The Venetian School
Summary of The Venetian School
A celebratory lust for life, a thriving commercial port, and the influence of High Renaissance ideals of beauty and grandeur led artists in 15th and 16th century Venice to inject a bold new sumptuousness into the world of art. The Venetian School, which arose during this thriving cultural moment, breathed fresh life into the worlds of oil painting and architecture by combining inspiration from classical-oriented forebears with a new impetus toward lush color and a distinctly Venetian adoration of embellishment. With a slight nod toward the hedonistic, much of the artwork of this time, regardless of subject matter or content, was woven with the underlying message that the joyous act of being alive was to be considered with a sense of revelry and enjoyment.
The Venetian School refers to the distinctive art that developed in Renaissance Venice beginning in the late 1400's, and which, led by the brothers Giovanni and Gentile Bellini, lasted until 1580. It's also called the Venetian Renaissance, and its style shared the Humanist values, the use of linear perspective, and naturalistic figurative treatments of Renaissance art in Florence and Rome. The second, related use of the term is the Venetian School of Painting, which beginning in the Early Renaissance lasted until the 18th century, and includes artists like Tiepolo, associated with the Rococo and Baroque movements, as well as Antonio Canaletto, known for his painting of Venetian cityscapes, and Francesco Guardi.
Key Ideas & Accomplishments
- The Venetian School's groundbreaking emphasis on colorito, or using color to create forms, made it distinct from the Florentine Renaissance emphasis on disegno, or drawing the forms then filling in the color. This resulted in works of revolutionary dynamism, unparalleled richness, and distinct psychological expression.
- Artists in Venice painted primarily in oils, first on wood panels, then pioneering the use of canvas, which was better suited to the humid climate of the city, and emphasized the play of naturalistic light and atmosphere and dramatic, sometimes theatrical, human movement.
- Portraiture was revitalized during this time as artists sought a naturalistic treatment of their subjects that simultaneously conveyed their social importance.
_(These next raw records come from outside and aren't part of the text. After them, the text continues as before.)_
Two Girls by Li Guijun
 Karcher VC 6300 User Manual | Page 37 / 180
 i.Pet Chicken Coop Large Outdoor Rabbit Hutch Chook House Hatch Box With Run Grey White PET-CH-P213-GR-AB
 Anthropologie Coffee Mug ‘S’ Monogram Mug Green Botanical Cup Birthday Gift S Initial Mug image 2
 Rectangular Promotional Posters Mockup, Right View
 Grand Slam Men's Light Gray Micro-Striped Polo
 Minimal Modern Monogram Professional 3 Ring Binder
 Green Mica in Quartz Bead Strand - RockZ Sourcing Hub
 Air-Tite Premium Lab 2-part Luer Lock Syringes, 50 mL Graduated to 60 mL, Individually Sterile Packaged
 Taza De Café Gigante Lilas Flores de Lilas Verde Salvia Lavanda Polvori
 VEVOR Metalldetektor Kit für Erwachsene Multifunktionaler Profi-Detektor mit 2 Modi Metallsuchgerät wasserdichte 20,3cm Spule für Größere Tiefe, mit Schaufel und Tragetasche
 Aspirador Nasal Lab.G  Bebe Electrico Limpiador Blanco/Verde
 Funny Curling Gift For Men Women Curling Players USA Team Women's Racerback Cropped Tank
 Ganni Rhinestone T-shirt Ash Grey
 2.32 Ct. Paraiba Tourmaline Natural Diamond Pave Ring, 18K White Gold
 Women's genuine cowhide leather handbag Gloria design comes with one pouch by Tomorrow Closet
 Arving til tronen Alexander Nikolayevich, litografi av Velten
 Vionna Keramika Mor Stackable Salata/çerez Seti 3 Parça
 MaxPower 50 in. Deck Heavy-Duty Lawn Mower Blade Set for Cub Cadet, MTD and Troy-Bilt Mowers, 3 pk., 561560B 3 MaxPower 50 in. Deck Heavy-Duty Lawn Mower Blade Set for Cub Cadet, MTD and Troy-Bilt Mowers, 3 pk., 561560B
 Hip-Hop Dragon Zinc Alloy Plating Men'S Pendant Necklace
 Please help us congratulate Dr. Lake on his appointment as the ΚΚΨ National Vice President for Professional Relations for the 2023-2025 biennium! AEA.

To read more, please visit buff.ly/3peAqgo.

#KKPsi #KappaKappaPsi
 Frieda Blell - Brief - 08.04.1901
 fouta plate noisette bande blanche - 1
They focused not on the idealized role of a person, but their psychological complexity. These portraits also started utilizing more of the figure in the painting, rather than just the upper bust and head.
- New genres were born during this period including grand depictions of mythological narratives and the introduction of the female nude of its own accord rather than as a reflection of a religious, mythical, or historical tale. Eroticism began to appear, entwined in these new forms of subject matter, unconstrained by moralistic messages.
- A new architectural direction that married Classical influences alongside carved bas-relief and decidedly Venetian adornments became so popular that a whole industry of designing private residences cropped up in Venice.
Overview of The Venetian School
While the Venetian School was informed by the innovations of Renaissance masters like Andrea Mantegna, Leonardo da Vinci, Donatello, and Michelangelo, its style reflected the roots of the very distinct culture and society of the Venice city-state. An emphasis on rich color permeated creation, bringing the atmosphere of the area and its people alive in a visual representation of the time. As art historian Evelyn March Phillipps wrote, "Venetian color, when it comes into its kingdom, speaks for a whole people, sensuous and of deep feeling, able for the first time to utter itself in art."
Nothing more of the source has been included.